Além dessa forte camada reflexiva submersa nas profundezas do roteiro, a narrativa é enérgica e a montagem é apressada e frenética. Como um convencional filme de super-herói, há bastante cenas de ação bem realizadas e com efeitos especiais que surpreendem até. Os momentos de luta e perseguição são divertidos e engenhosos, afinal, cada pílula dá um poder diferente a cada pessoa e isso torna a batalha mais interessante e instigante de ser acompanhada. Nuances entre ‘X-Men’ e filmes como ‘Heróis’ e ‘Upgrade’ trazem a narrativa para um lado sombrio e violento, que funciona nesse contexto do submundo das drogas nos Estados Unidos (que mais parece Gotham City). Até mesmo a “overdose” trata-se de uma super explosão do corpo que, visualmente, provoca medo e curiosidade, além de entregar um descontrole interessante aos vilões e momentos de puro horror. Já a parte técnica, ainda que a direção de fotografia tente criar um mundo cyberpunk futurista, falta cor e energia. As cenas de ação são escuras demais, talvez para disfarçar pequenas imperfeições dos efeitos especiais, e isso impede que o longa seja esteticamente envolvente ou tenha uma identidade singular.

Por outro lado, a condução da dupla Henry Joost e Ariel Schulman, que inclusive são os responsáveis por outro filme muito similar, ‘Nerve: Um Jogo Sem Regras’, sabe guiar as sequências de ação pelas ruas da cidade e brincar com as possibilidades narrativas e planos ousados, perfeitos para esse tipo de obra cuja adrenalina corre nas veias do roteiro. Além disso, a direção também conduz bem os momentos mais dramáticos e utiliza bastante câmera lenta para dar ênfase na intensidade dos poderes dos protagonistas. E por falar neles, Jamie Foxx (Django Livre) está espetacular ao lado da jovem Dominique Fishback (O Ódio que Você Semeia). A jovem vive uma traficante que precisa de dinheiro para ajudar sua mãe e, ainda que não vejamos seus poderes na prática, ela funciona como um importante elo entre o mundo macabro e ambicioso das drogas e a visão do espectador, que está descobrindo esse universo aos poucos.

Já  Joseph Gordon-Levitt (500 Dias Com Ela) interpreta um detetive da polícia de Nova Orleans que vê nas superdrogas a única possibilidade de deter os bandidos. A performance do trio está boa e condizente com a proposta irreverente, mas é Rodrigo Santoro (Westworld) que rouba a cena como o vilão estereotipado e megalomaníaco, necessário para criar antagonismo à trama. Infelizmente, suas cenas são curtas demais para expressar todo seu talento.

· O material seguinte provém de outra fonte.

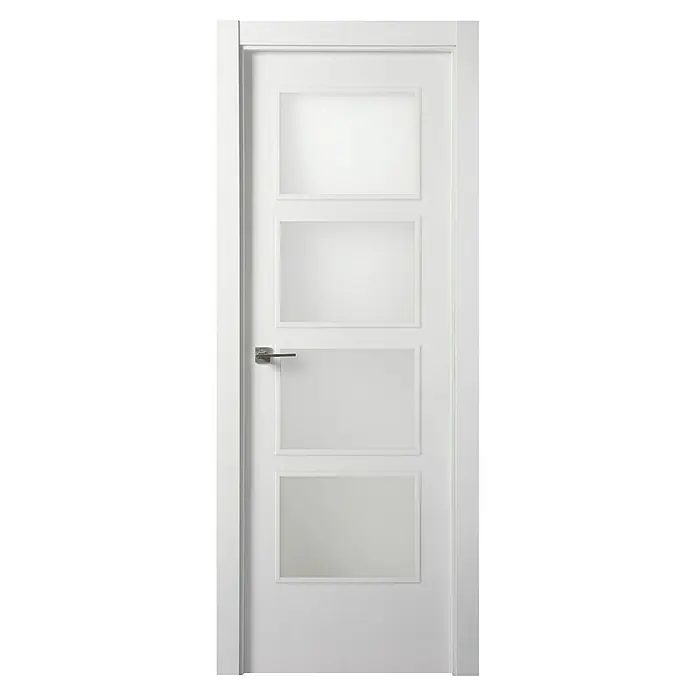 Solid Elements Puerta acristalada Essen - 72,5 x 203 cm, Derecha, Blanco - Puerta interior blanca con cuatro paneles rectangulares similares a vidrio esmerilado y manija plateada, ideal para espacios modernos.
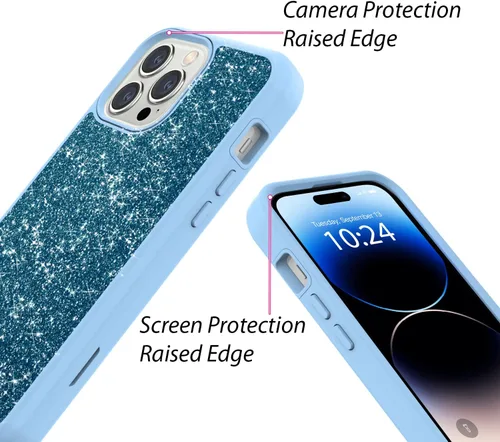 Vista 8 de Funda protectora completa con purpurina compatible con iPhone 14 Pro Max [protección militar contra caídas] híbrida resistente 3 en 1, resistente a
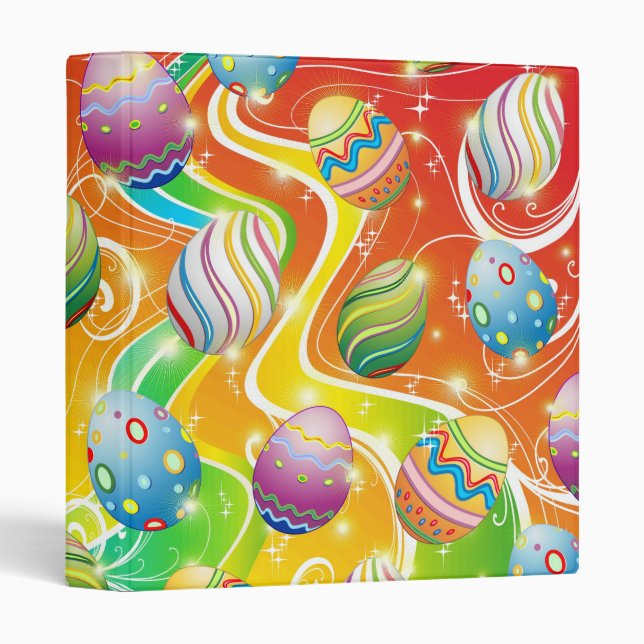 Happy Easter Eggs Ornamental Design Binder (Front/Spine)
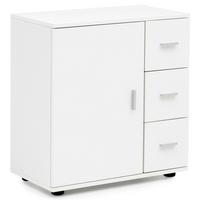 BADSCHRANK Weiß 60x65,5x33 cm mit großem Stauraum in matter Ausführung - Schwarz/Weiß, Holz (60/66/33cm) - KADIMA DESIGN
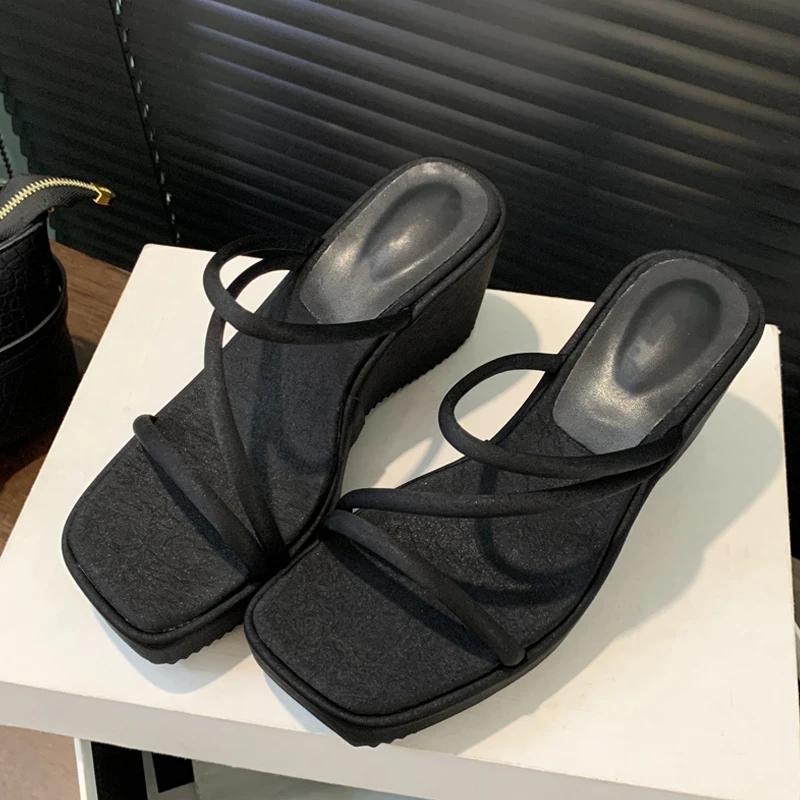 Fashion Eilyken Street Style Design Narrow Band Square Toe Platform Wedge High Heels Woman Slippers Fashion Slide Shoes
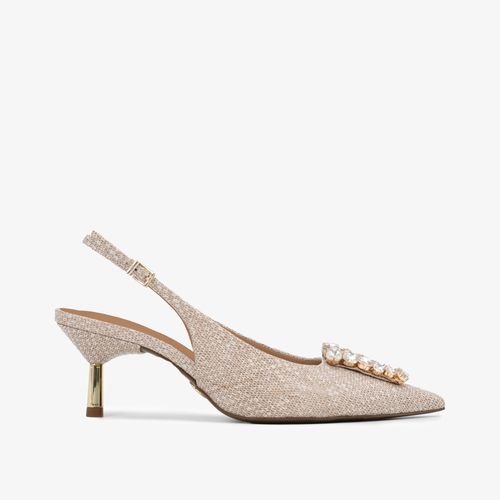 Slingback Pedrarias Off White Couro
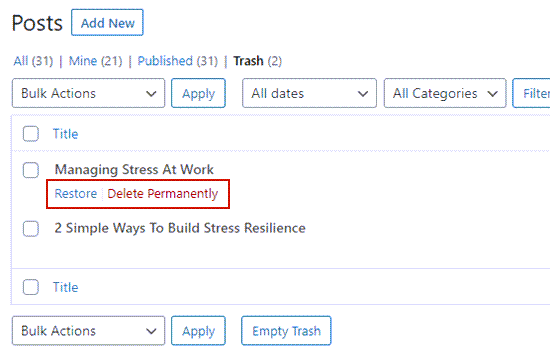 Delete Restore options Delete Restore options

Porém, quando destrinchamos o roteiro minuciosamente e retiramos a boa reflexão que provoca, a estrutura não tem nada de inovadora em relação aos demais filmes e séries, como ‘The Boys’, por exemplo, que também flerta com o realismo e a quebra da fantasia e inocência provocada por filmes com protagonistas heroicos. Os vilões são gananciosos e estereotipados, como de costume, sem nuances de personalidade. Além disso, há poucas surpresas e reviravoltas que já não fossem anunciadas desde o começo. Não há mortes significativas, apesar do teor de violência e o desfecho revela, preguiçosamente, uma personagem importante que pode curar qualquer pessoa e, inclusive, ressuscitar os mortos, ou seja, um forte problema para possíveis sequências, já que o roteiro precisará criar regras para o uso de seus poderes, caso contrário, será um exemplo perfeito de “over power”. O clímax, ainda que visualmente impactante, deixou pontas soltas e a trama termina com mais perguntas que respostas.

Dessa forma, são as ótimas cenas sombrias de ação e o roteiro inventivo que destacam ‘Power’ entre as demais produções de super-heróis atuais, especialmente por usar os poderes provocados pela tal droga para questionar o caráter dos seres humanos e os problemas da sociedade. Em um contexto obscuro e realista, a trama desenvolve uma atmosfera interessante, que representa uma vertente promissora do gênero, porém, como estrutura, segue o mesmo modelo de tantas outras. Ainda assim, a adrenalina corre livremente do começo ao fim e a diversão é garantida.